SUPPLIED DATA →

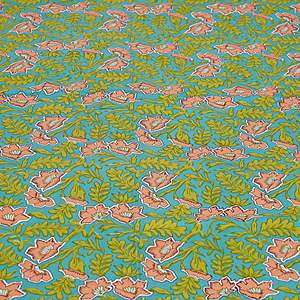 Juego de Sábanas Dobles con Estampado Jaipuri y 2 Fundas de Almohada, 100% Algodón Verde, 240 Hilos, Cómodo para Uso en Casa o Spa, Juego de 3 Piezas (ADB1384) - Product Image 5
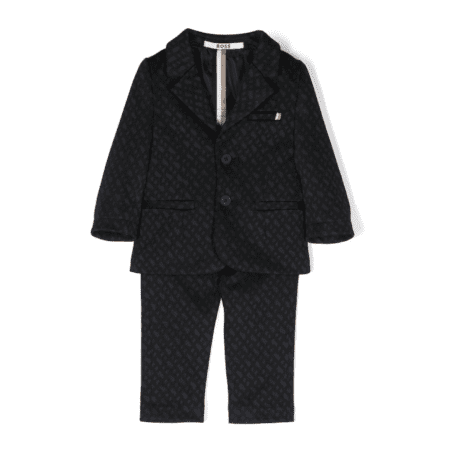 BOSS KIDSWEAR MONOGRAM SINGLE-BREASTED SUIT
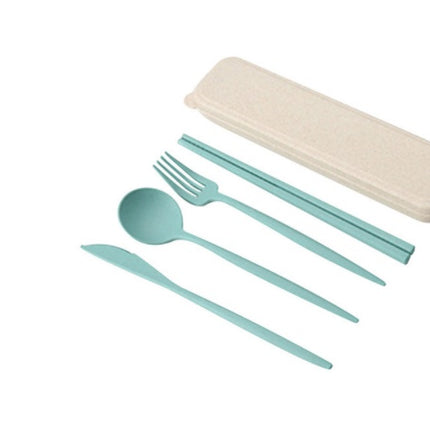 Travel Tableware Set 🍴 – Wheat Straw, 4 Colours, Eco-Friendly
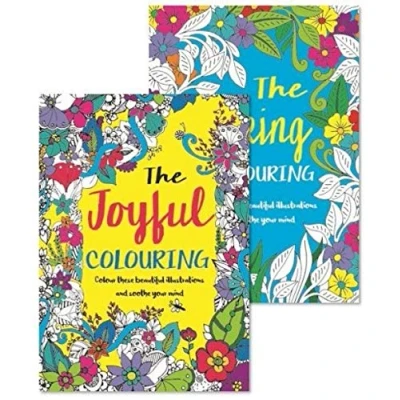 Image of Martello Adult Relaxing A4 Colour Therapy 2 Pack Set Joyful/Spring Colouring Books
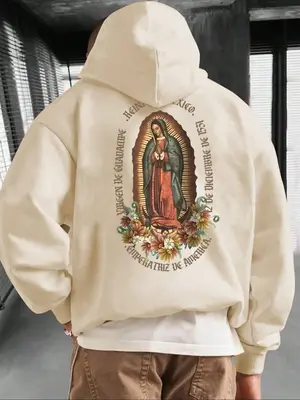 Men's Letter & Virgin Mary Print Drop Shoulder Hoodie, Fashion Casual Regular Fit Drawstring Pocket Hooded Sweatshirt for Dai...
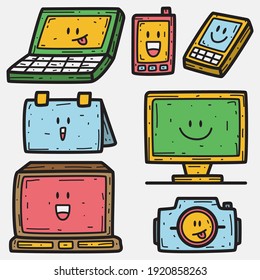 electronic cartoon doodle design for wallpaper, stickers, coloring books, pins, emblems, logos and more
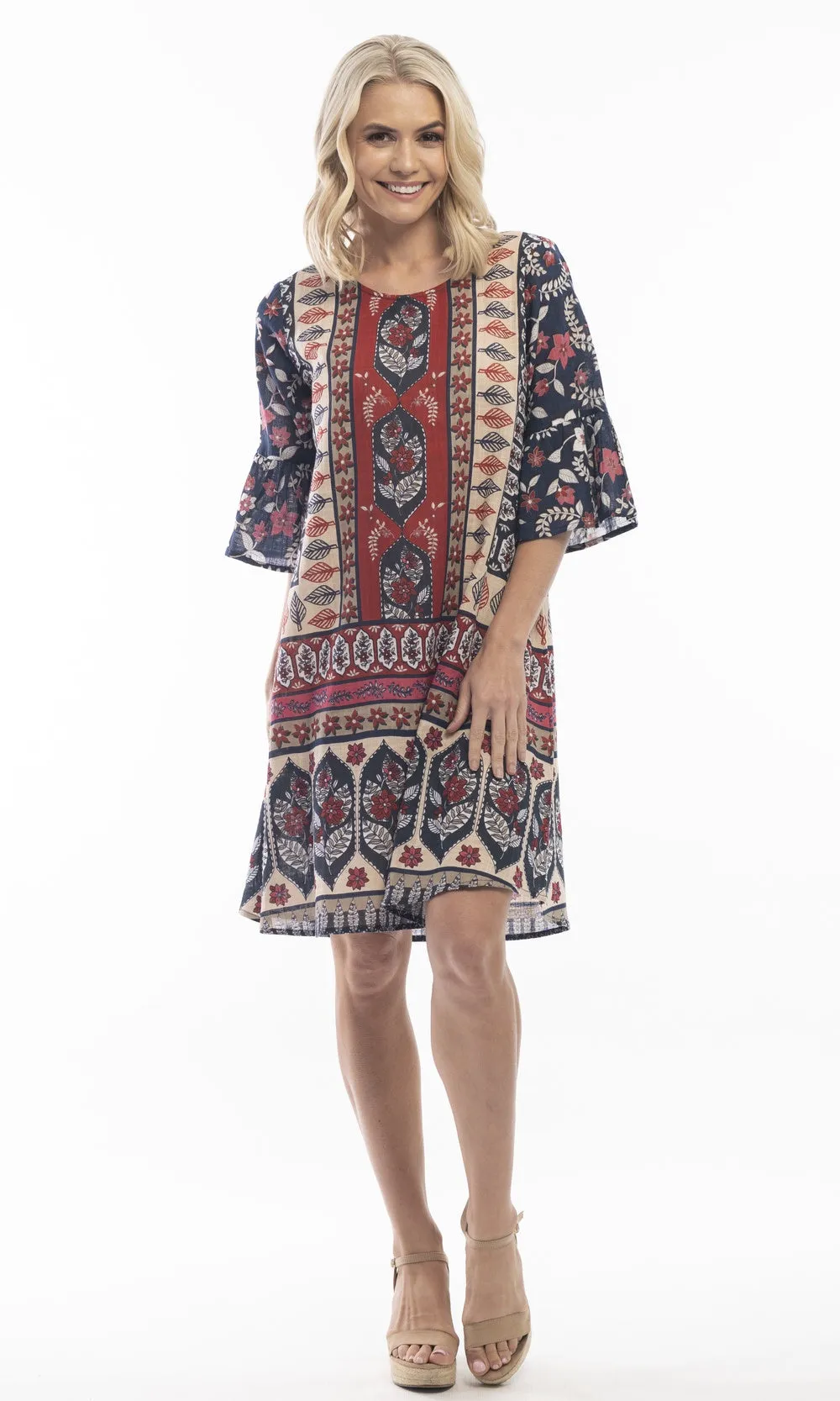 Cotton Dress Ruffle Sleeve Petra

DESCRIPTION OF THE TASK →
Skip every picture and transcribe the data above exactly.

RESPONSE TO THIS TASK →
 Juego de Sábanas Dobles con Estampado Jaipuri y 2 Fundas de Almohada, 100% Algodón Verde, 240 Hilos, Cómodo para Uso en Casa o Spa, Juego de 3 Piezas (ADB1384) - Product Image 5
 BOSS KIDSWEAR MONOGRAM SINGLE-BREASTED SUIT
 Travel Tableware Set 🍴 – Wheat Straw, 4 Colours, Eco-Friendly
 Image of Martello Adult Relaxing A4 Colour Therapy 2 Pack Set Joyful/Spring Colouring Books
 Men's Letter & Virgin Mary Print Drop Shoulder Hoodie, Fashion Casual Regular Fit Drawstring Pocket Hooded Sweatshirt for Dai...
 electronic cartoon doodle design for wallpaper, stickers, coloring books, pins, emblems, logos and more
 Cotton Dress Ruffle Sleeve Petra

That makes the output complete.